Exercise requirements >>
Write out again, unchanged, the line that has "YAMAHA MY8-ADDA96 拡張カード" and each following line through the end of the entries below; leave pictures out.

Short text fragments from websites:
######

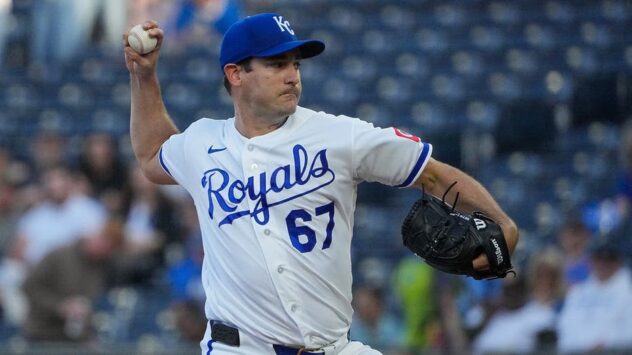 Seth Lugo's dominant career numbers against the White Sox make Royals a strong bet to avoid sweep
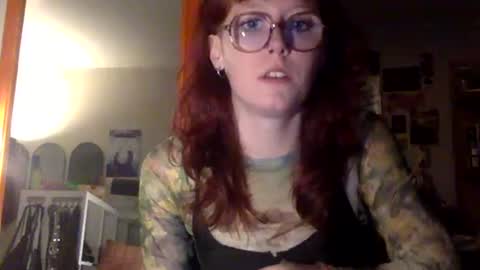 redcassie666 online show from 14, 2, 2026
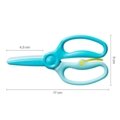 Training scissors, Teal (9122018)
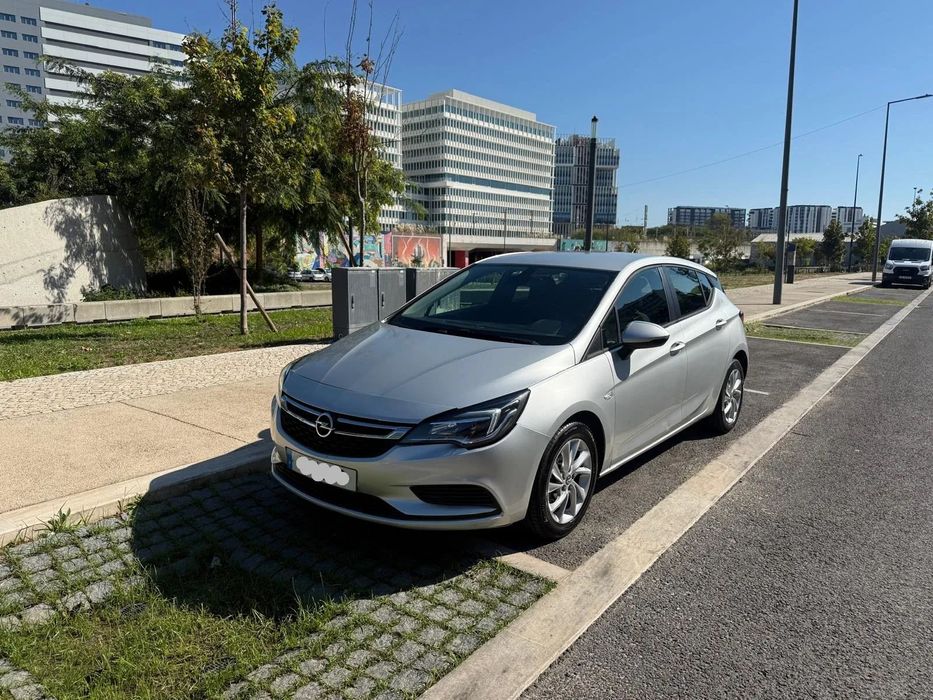Opel Astra 1.6 CDTI Ecotec Edition S/S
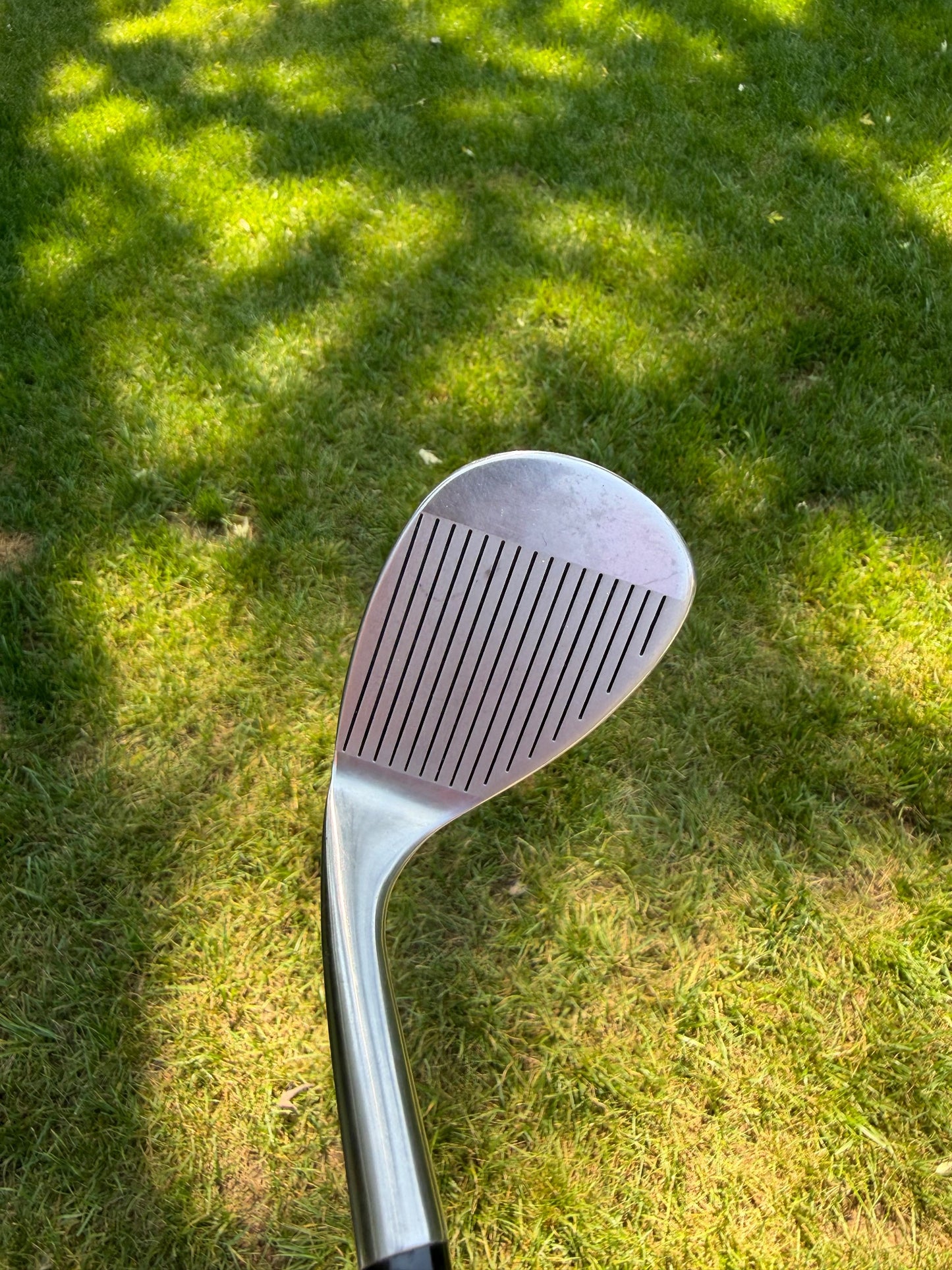 Titleist Chrome Lob Wedge 60° DG S400 Stiff Flex 34" NICE — photo 2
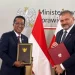 Indonesia-Polandia Teken Perjanjian Pemberantasan Kejahatan Lintas Negara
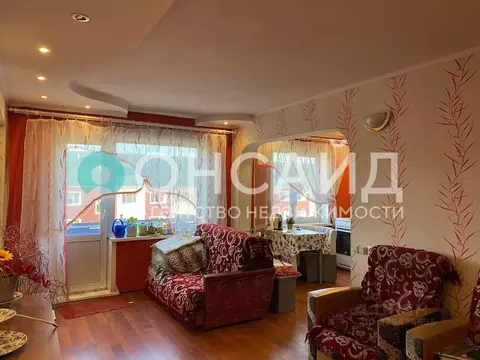 3-к кв. Бурятия, Улан-Удэ ул. Павлова, 10а (59.9 м)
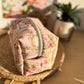 Rose Garden Tea Large Multipurpose Bag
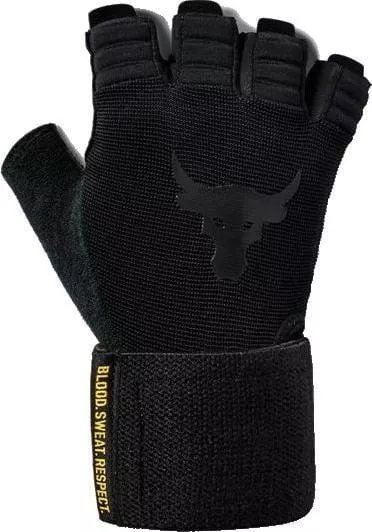 Gants d'exercice Under Armour UA Project Rock Training Glove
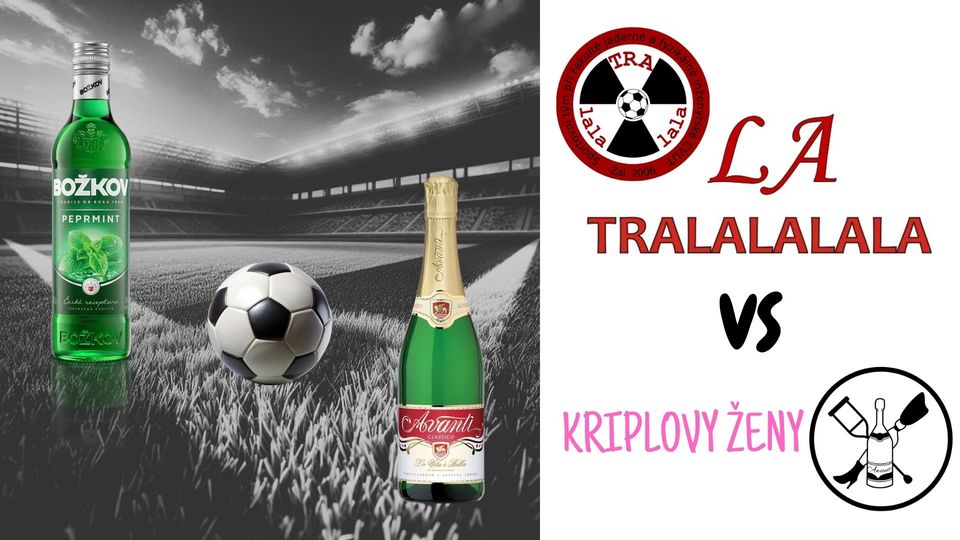 La Tralalalala vs. Kriplovy ženy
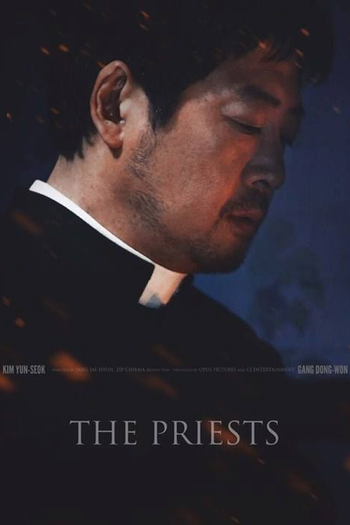  de Filme Os Sacerdotes (2015)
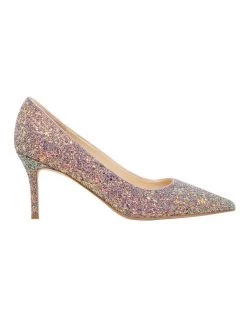 Promo ⌛ Nine West Mailin Ivory Pumps 🌟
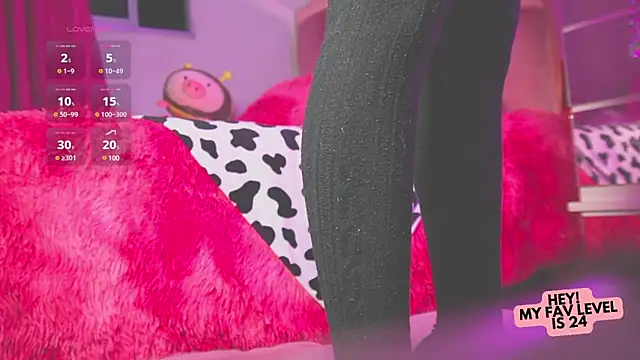 valerymonroe online show from 22, 3, 2025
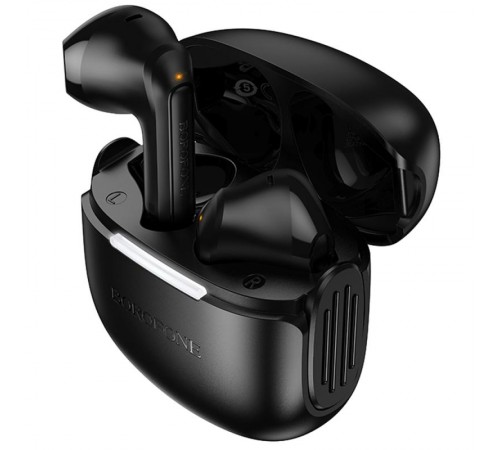 Бездротові TWS навушники Borofone FQ8 Black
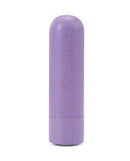 Blush Novelties Gaia Eco Bullet Vibrator Lilac Rechargeable at $14.99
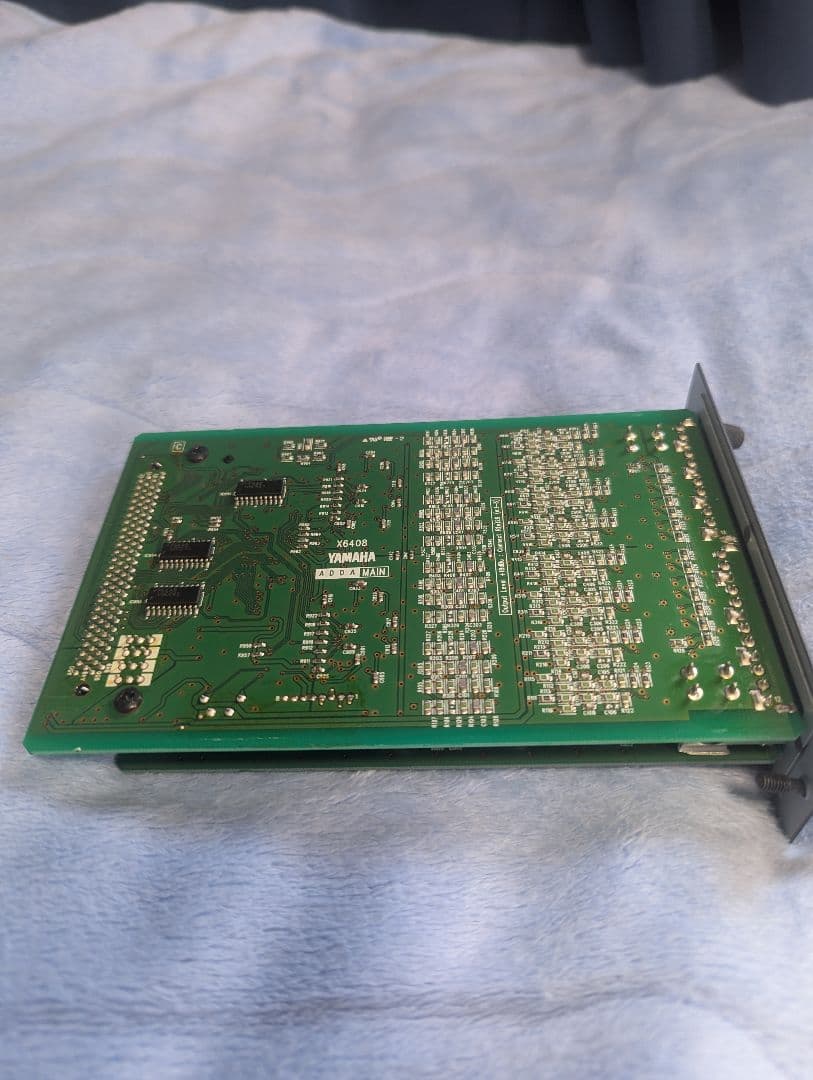 YAMAHA MY8-ADDA96 拡張カード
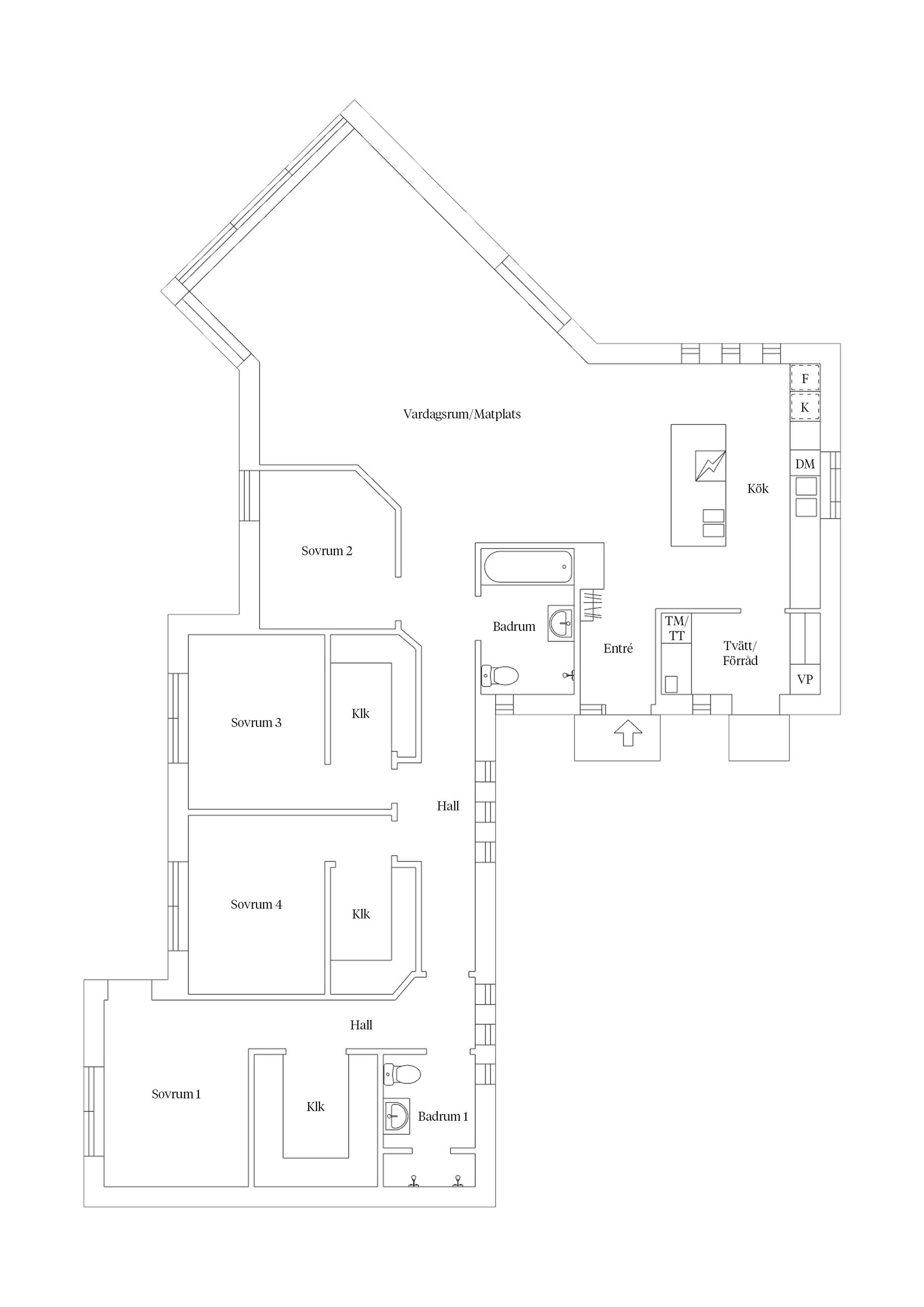 Villa, Åkerholmsvägen 12, Smedby, Kalmar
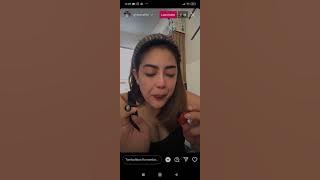 LIVE IG GHINA SAFITRI HOT 22/07/23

######

Written response >>
 YAMAHA MY8-ADDA96 拡張カード
 Villa, Åkerholmsvägen 12, Smedby, Kalmar
 LIVE IG GHINA SAFITRI HOT 22/07/23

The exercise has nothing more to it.